Da época de colônia e mesmo de seu passado mais recente, pouca coisa resta na memória de São Paulo, já conhecida por passar como um trator em cima das marcas de sua história. Mas algumas dessas construções conseguiram sobreviver ao frége das mudanças que transformou em inimigos o futuro da cidade e os monumentos do passado. A partir da estação Sé do metrô, na região central, você pode visitar algumas delas. (Confira outras sugestões do roteiro do barro em São Paulo na exposição).


Só o Barro Constrói
Para que o homem pré-histórico deixasse sua condição de nômade e pudesse parar num lugar, era necessário poder estocar água e alimentos. A descoberta do barro como matéria-prima para produção de utensílios foi fundamental para que os povos conseguissem armazenar os suprimentos e assim se fixassem num lugar para construir as sociedades. A impermeabilidade e a durabilidade da cerâmica foi o que possibilitou a retenção da água e a estocagem da comida. Foram também essas propriedades da cerâmica que permitiram o cozimento dos alimentos. Não se sabe exatamente quem foi o primeiro povo a fazer um pote ou a construir uma casa de taipa de mão. "Há registros de peças produzidas já no período paleolítico, 30 mil anos antes de Cristo. Mas não podemos dizer quem foi que fez a primeira peça de barro", afirma o professor de História da Arte e curador da exposição Do Barro ao Barro do Sesc Pompéia Percival Tirapeli. O que estudiosos da História da Arte e da Arqueologia sabem é que o barro aparece na história de vários povos, nos quatro cantos do mundo. Com o sedentarismo, as sociedades puderam desenvolver-se e o uso do barro foi impulsionado. Deixou a modesta condição de utensílio e ganhou status de templo, de proteção, saltando do solo para transformar-se em moradia.

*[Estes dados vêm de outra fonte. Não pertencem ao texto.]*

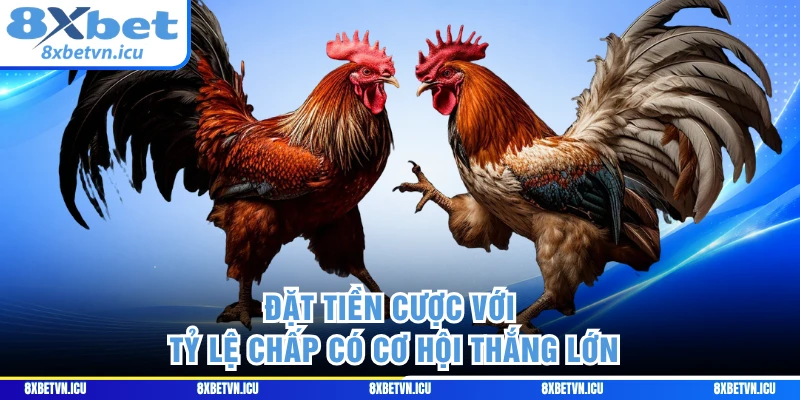 Đặt tiền cược với tỷ lệ chấp có cơ hội thắng lớn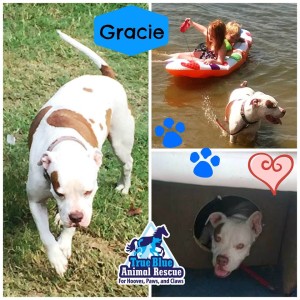 TBAR-Adopted-Dog-Gracie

São muitos os monumentos famosos da humanidade que foram construídos graças ao barro. Na Mesopotâmia, atual Iraque, os Zigurates, templos sagrados construídos em forma de torre, eram feitos de adobe, grandes blocos de barro ressecado. No Egito, as pirâmides em degraus conhecidas como Mastabas foram construídas com milhares de tijolos ressecados. Na Grécia, artistas da Antiguidade esculpiram valiosas obras de arte a partir do barro. Os vasos gregos são admirados no mundo todo. Roma é tida como a cidade da cerâmica. O Coliseu, por exemplo, foi erguido sobre o sustento dela. Maias e astecas na América Central usavam o barro na confecção de urnas funerárias, assim como os índios asurinís que vivem na região do Alto Xingu são conhecidos por seus desenhos geométricos em objetos de cerâmica. Na gruta de Ariége, na França, entre 20 mil e 10 mil a.C., foi reproduzida em argila a cena de acasalamento de bisontes (ancestrais do boi). A capacidade de fazer arte foi uma das expressões a diferenciar os homens dos animais. E as primeiras manifestações dela foram encontradas em barro.

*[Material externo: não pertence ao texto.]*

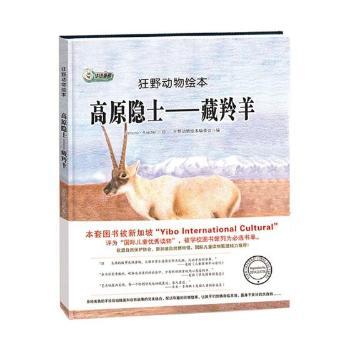 高原隐士——藏羚羊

Impossível falar sobre cada povo que já misturou água com a terra, colocou a massa para secar e em seguida a transformou em um mero pote para guardar grãos ou em uma das sete maravilhas do mundo, como as pirâmides do Egito. Mas considere que a primeira casa de muitos povos não teria sido erguida sem essa simples matéria-prima e que a primeira colheita não teria sido armazenada. Levemos em conta que muitos olhos conheceram o êxtase ao enxergar as incríveis engenhocas da humanidade preparadas a partir do aperfeiçoamento do uso do barro e que até muitas naves espaciais não teriam voltado à Terra se não fossem as tais placas de cerâmica para protegê-las. Agora pare para pensar nas conseqüências das artes e das ciências na nossa existência. Poderíamos, então, concluir que pelo menos a primeira parte daquele mito bíblico que diz "do pó viemos e a ele retornaremos" tem muito mais verdade do que imaginamos. Resta agora saber como se cumprirá o final da história.

Afinal, o que é o barro?
Isso mesmo que você pensou, simplesmente a mistura de água e terra. Esses dois elementos combinados servem para construir desde uma simples moringa até as mais ousadas invenções do homem. A questão é a quantidade de cada um nessa mistura e depois a temperatura a que o material é exposto. "O barro está na composição tanto de uma moringa como na de ônibus espaciais, pois as placas que revestem a parte externa das naves são compostas também por cerâmica. Por sua alta capacidade de resistência, ela consegue segurar o impacto causado na nave devido à mudança brusca de temperatura no momento em que se cruza a atmosfera da Terra. Essa mesma técnica é usada também para revestir coletes à prova de bala", explica o professor Percival Tirapeli.

Roteiros do barro em São Paulo
Solar da Marquesa de Santos (Rua Roberto Simonsen, 136)
Construída com taipa de pilão, a casa onde viveu a famosa amante de D. Pedro I ainda está lá. Tem até a banheira em que ela tomava banho e alguns de seus objetos pessoais.
Páteo do Colégio (Praça Páteo do Colégio, 2)
Ao lado do Solar da Marquesa, foi aqui onde tudo começou, quando o padre Manuel da Nóbrega celebrou a primeira missa no dia 25 de janeiro de 1554. Dois anos mais tarde, os jesuítas construíram ali um colégio para catequizar os índios. Em 1882, parte da construção foi demolida e o lugar tornou-se sede do governo. Somente em 1954 uma réplica do antigo prédio foi construída. Felizmente sobrou uma parede de taipa de pilão da construção original e é por esse pedacinho que é possível imaginar como devia ser aquele lugar há quase 450 anos. Atualmente, funciona no local o Museu Padre Anchieta. Lá há uma maquete da muralha que cercava a cidade.
Faculdade de Direito da USP (Largo São Francisco, 95)
Saindo do Museu Padre Anchieta, caminhe até a Rua Direita, em direção ao largo do Patriarca, e pegue a Rua São Bento, em direção ao Largo São Francisco. Lá está a Faculdade de Direito, um imponente prédio da década de 1930, construído com tijolos no estilo neocolonial.